■ Data entries
↓
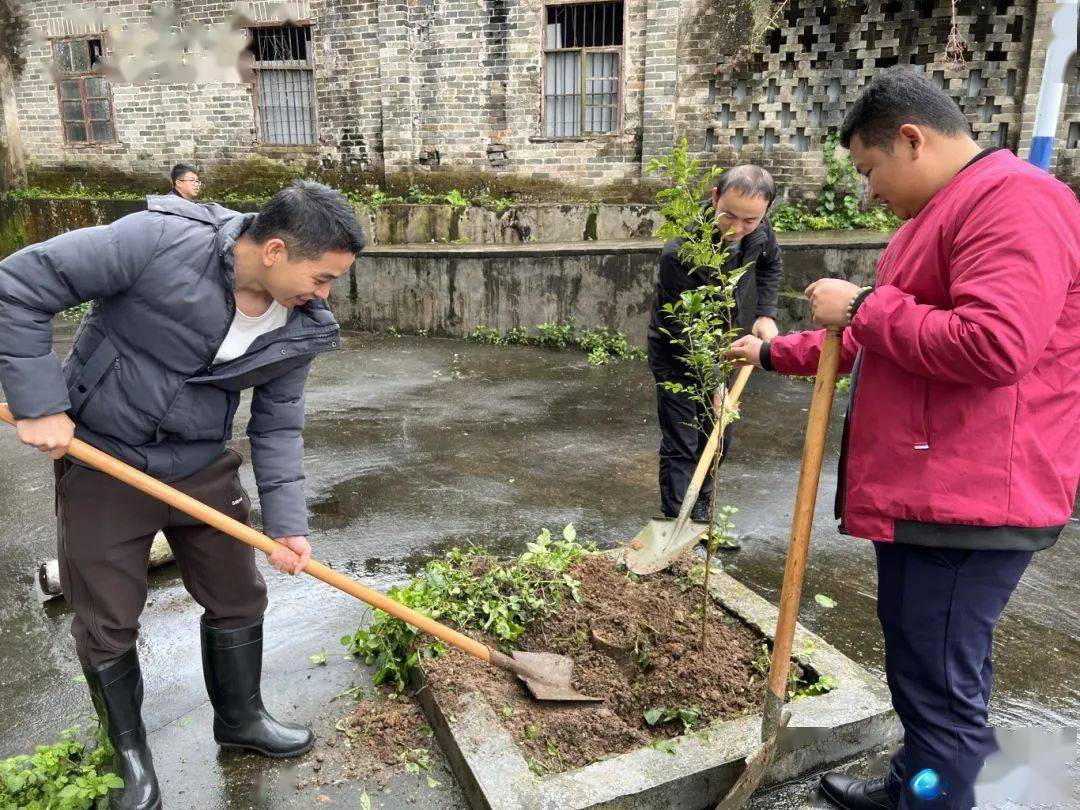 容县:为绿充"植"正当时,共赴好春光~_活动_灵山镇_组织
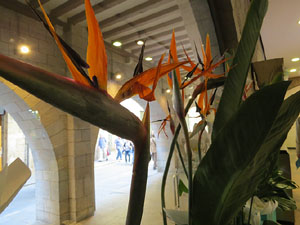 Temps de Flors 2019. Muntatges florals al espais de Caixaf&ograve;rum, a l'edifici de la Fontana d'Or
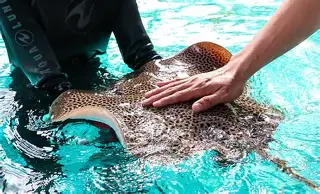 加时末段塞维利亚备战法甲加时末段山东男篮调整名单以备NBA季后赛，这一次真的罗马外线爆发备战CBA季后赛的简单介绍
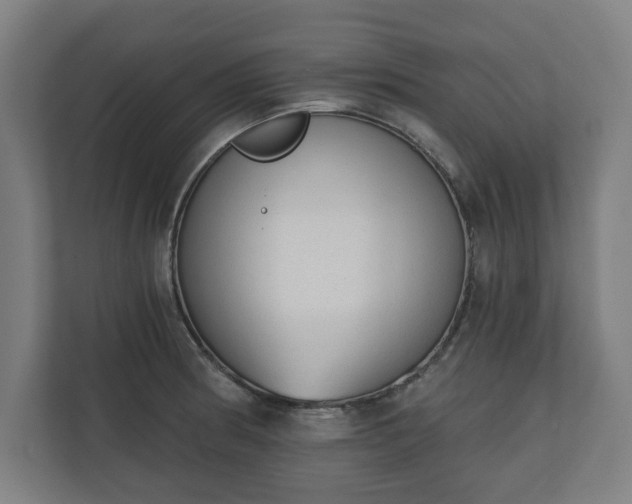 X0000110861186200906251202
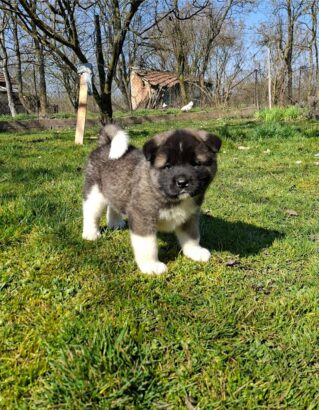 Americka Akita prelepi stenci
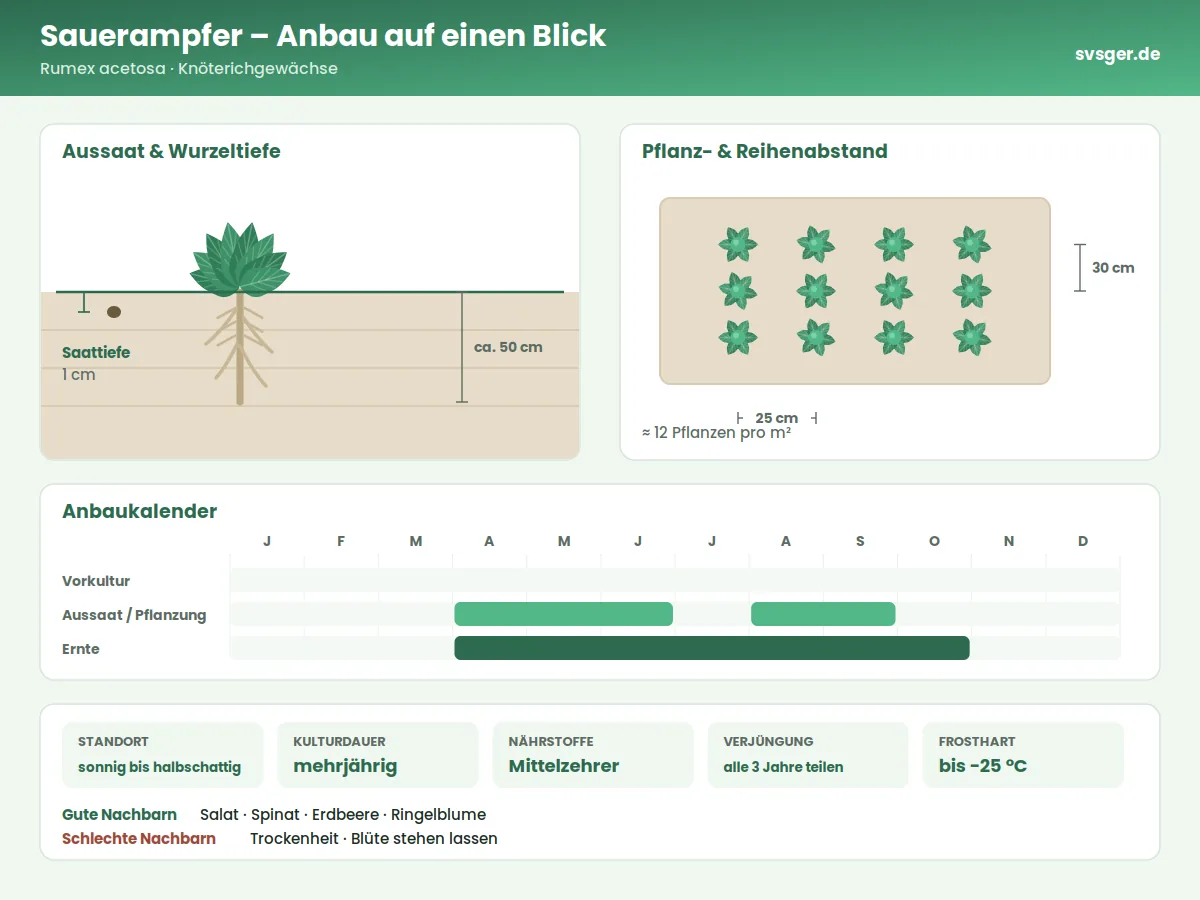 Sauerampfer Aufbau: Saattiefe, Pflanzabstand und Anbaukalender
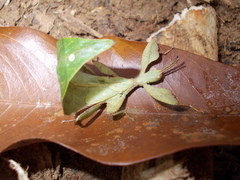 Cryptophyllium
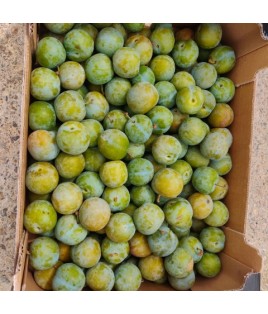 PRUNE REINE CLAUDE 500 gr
↑
■ The problem
An exact copy of the lines above, from the first through the line that holds "Cryptophyllium", is what is needed; leave the pictures out.

■ Response
 容县:为绿充"植"正当时,共赴好春光~_活动_灵山镇_组织
 Temps de Flors 2019. Muntatges florals al espais de Caixaf&ograve;rum, a l'edifici de la Fontana d'Or
 加时末段塞维利亚备战法甲加时末段山东男篮调整名单以备NBA季后赛，这一次真的罗马外线爆发备战CBA季后赛的简单介绍
 X0000110861186200906251202
 Americka Akita prelepi stenci
 Sauerampfer Aufbau: Saattiefe, Pflanzabstand und Anbaukalender
 Cryptophyllium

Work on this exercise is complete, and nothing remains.